Dangerous Passage is a 1944 American film noir drama film directed by William Berke, starring Robert Lowery and Phyllis Brooks.

Plot summary

Oil company employee Joe Beck (Robert Lowery) is stationed in the jungle in Honduras. When his grandfather back in Texas dies, he inherits $200,000. In a nearby port he meets with the testament executor, attorney Daniel Bergstrom (Charles Arnt) to receive the good news, but when he is to return to the jungle, he is followed by a suspicious man hired by the attorney, who tries to knock him out. Joe instead manages to kill the man, and boards a ship in the port.

On the ship, the Merman, is Dawson (Alec Craig), a steward who helped Joe against his unknown assailant. Also on the ship are Captain Saul (William Edmunds) and his mate, Buck Harris (Victor Kilian). Among the few passengers is the alluring Nita Paxton (Phyllis Brooks), a cabaret artist whom Joe takes a liking to the minute he boards the ship.

Before the ship lands in its first port on the cruise, Dawson is murdered, and Joe gets rid of the body by feeding it to the fish, to avoid being blamed for his death. On shore in Los Altos, Joe and Nita go off romancing together. Upon their return to the ship, Joe discovers that Bergstrom has come aboard and brought a man calling himself Joe Beck (Jack La Rue). Joe instantly suspects Nita of being in cahoots with Bergstrom, trying to trick him out of his inheritance. She then confides in him, that Dawson was an undercover agent for an insurance company, suspecting the captain and his crew of insurance fraud. She is trying to finish his work after he disappeared.

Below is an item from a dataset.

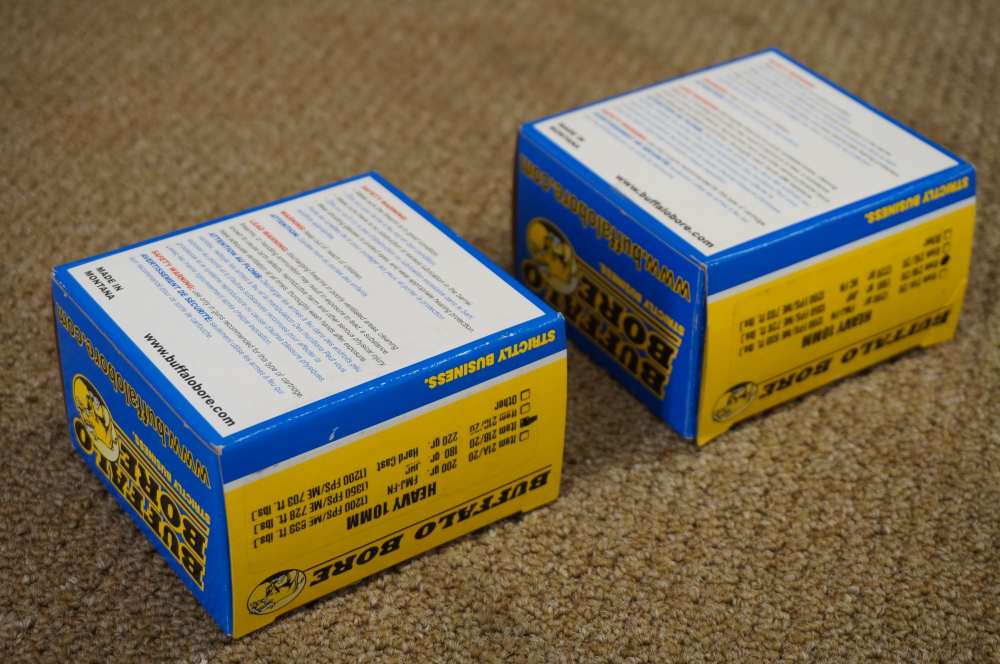 Buffalo Bore Heavy 10mm 180 GR JHP 21B/20 20 Rounds 1 Box Ammo Ammunition-img-2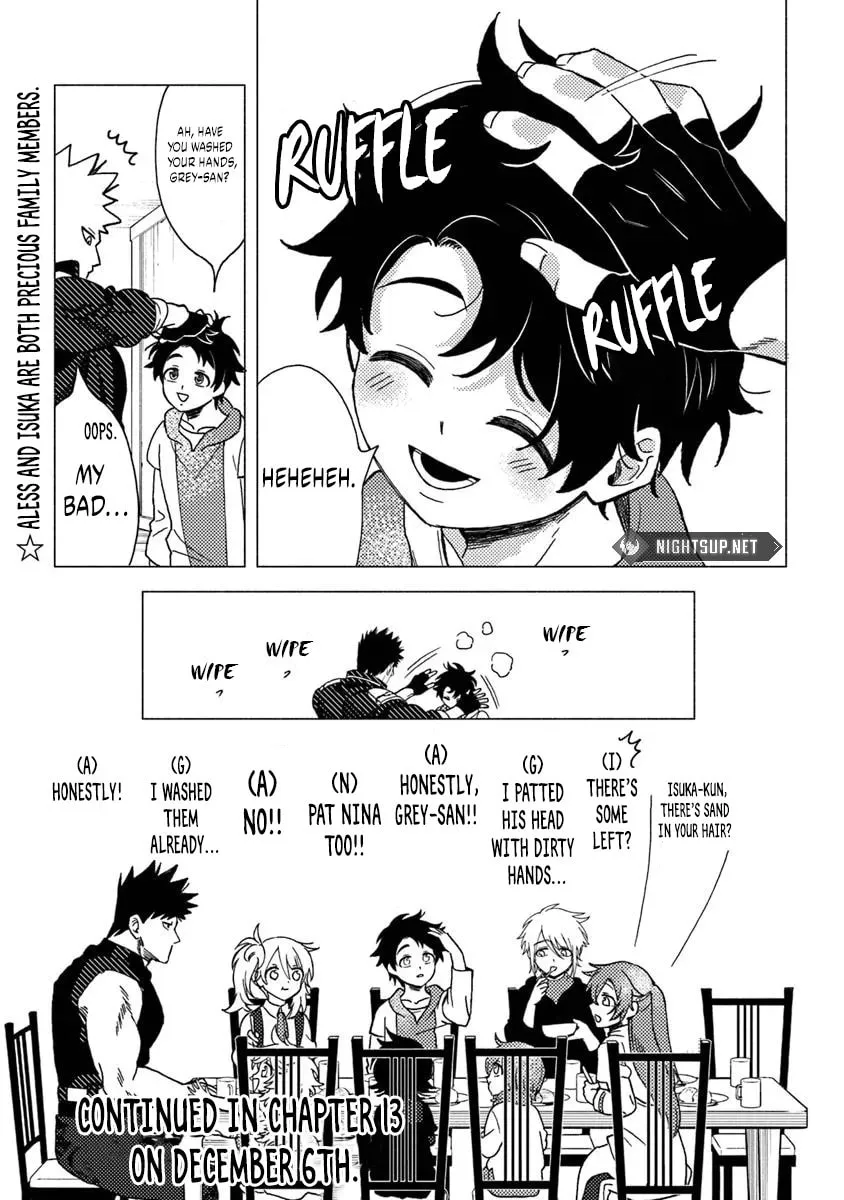 Akuninzura shita B-kyuu Boukensha - Shujinkou to Sono Osananajimi-tachi no Papa ni naru Chapter 12.2 page 15 -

Waiting for Joe in his cabin are Bergstrom and the impostor, who hold him at gun point, demanding he give them his ID and papers. Joe overpowers the impostor, grabs the gun and forces the men to leave his cabin.

In the middle of the night, Joe wakes up from the ship crashing into some sharp rocks. He tries to stop Saul and take the wheel, but is knocked unconscious and locked into his cabin. Nita manages to break down the door with an axe and free him. The only ones left on the ship are the two of them and Bergstrom and his impostor, since the rest of the crew has escaped on a life raft. Bergstrom suggests they work together to stay alive, assuring Joe he has given up his plan to take his money.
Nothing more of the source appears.